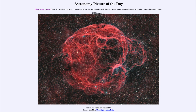It also spins very rapidly. As it has compacted, it spins very rapidly, and some pulsars can spin many times per second even though they are the size of a city. The outer layers are then expelled out into space, and that's what we see as this remnant.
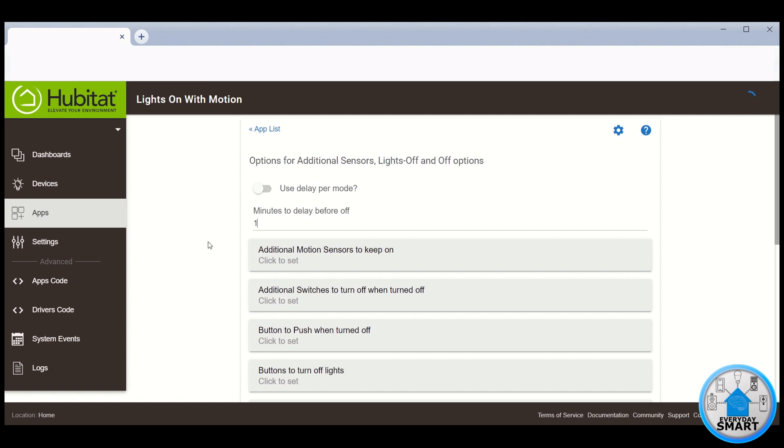So in my case, I'm going to use one minute. What this means is that whenever there hasn't been any motion detected for one minute, then the light is going to turn off.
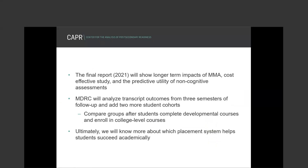Future plans for the Minnesota/Wisconsin analysis include longer-term follow-up over three semesters, a closer look at non-cognitive assessments to distinguish impacts for students placed via high school GPA versus LASSI scores, predictive coefficient analysis on non-cognitives, and cost analysis. Additional cohorts will be added to increase sample size and statistical power.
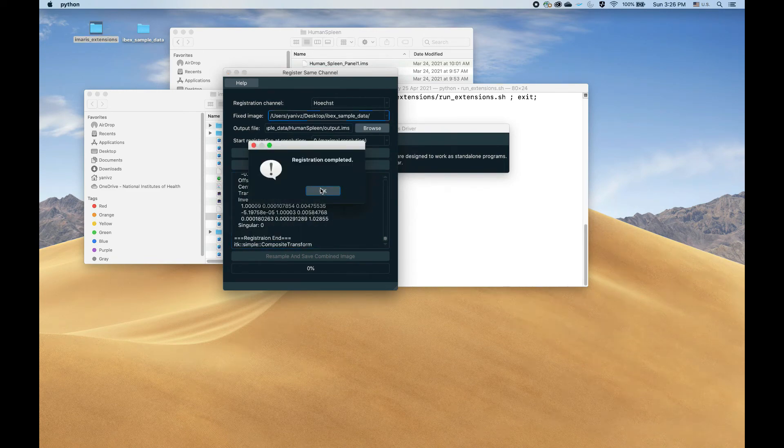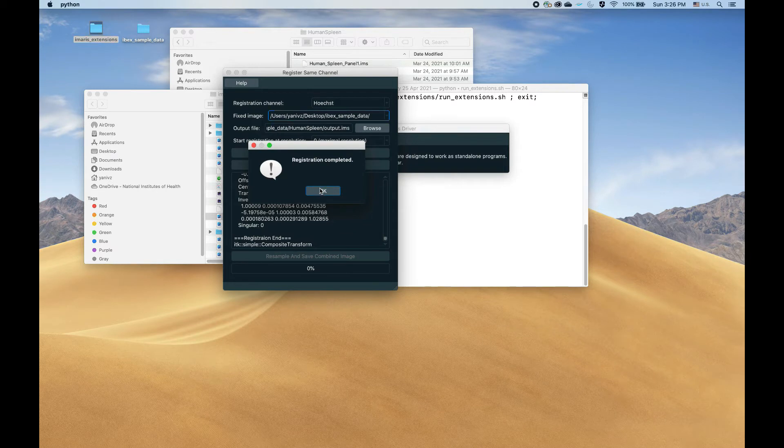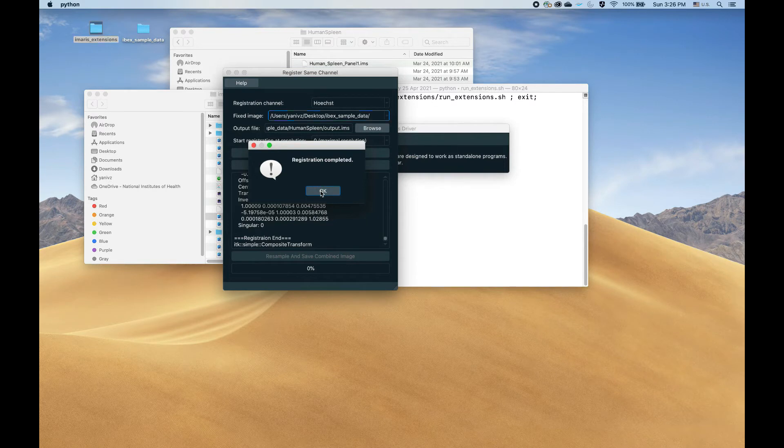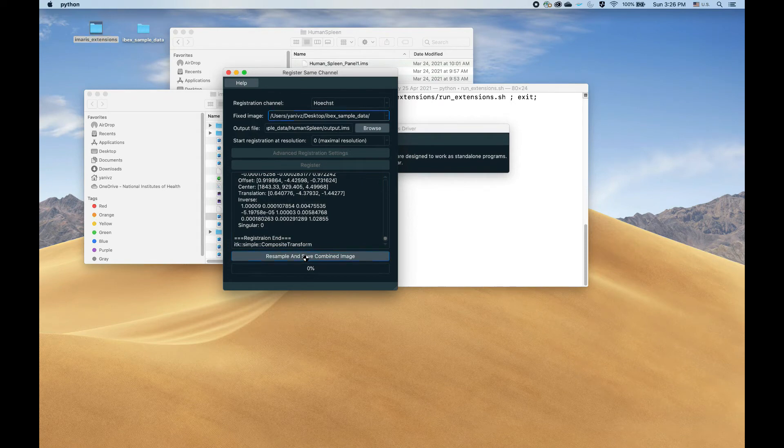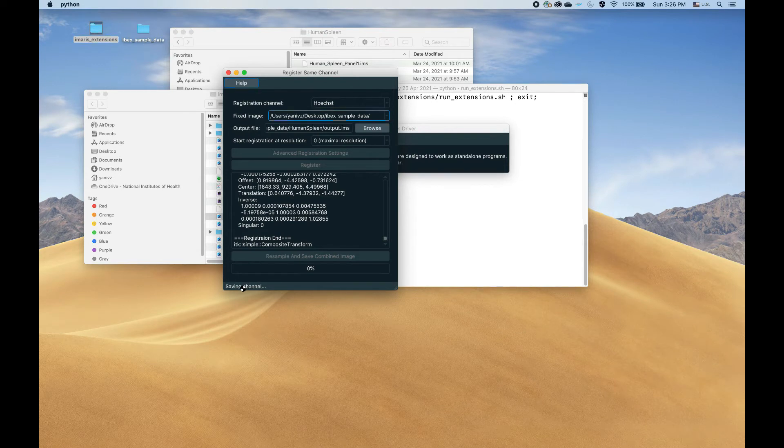Okay, so registration is finally completed. The pop-up notifying us of this has come up. Let's press OK, and now we need to resample and save the combined image. That will take a while too. Let's start the process, and you can see the progress happening here.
^^^^^^^^
Activity: Everything in the data except the pictures must appear in your answer unchanged.

Reply:
It also spins very rapidly. As it has compacted, it spins very rapidly, and some pulsars can spin many times per second even though they are the size of a city. The outer layers are then expelled out into space, and that's what we see as this remnant.
So in my case, I'm going to use one minute. What this means is that whenever there hasn't been any motion detected for one minute, then the light is going to turn off.
Future plans for the Minnesota/Wisconsin analysis include longer-term follow-up over three semesters, a closer look at non-cognitive assessments to distinguish impacts for students placed via high school GPA versus LASSI scores, predictive coefficient analysis on non-cognitives, and cost analysis. Additional cohorts will be added to increase sample size and statistical power.
Okay, so registration is finally completed. The pop-up notifying us of this has come up. Let's press OK, and now we need to resample and save the combined image. That will take a while too. Let's start the process, and you can see the progress happening here.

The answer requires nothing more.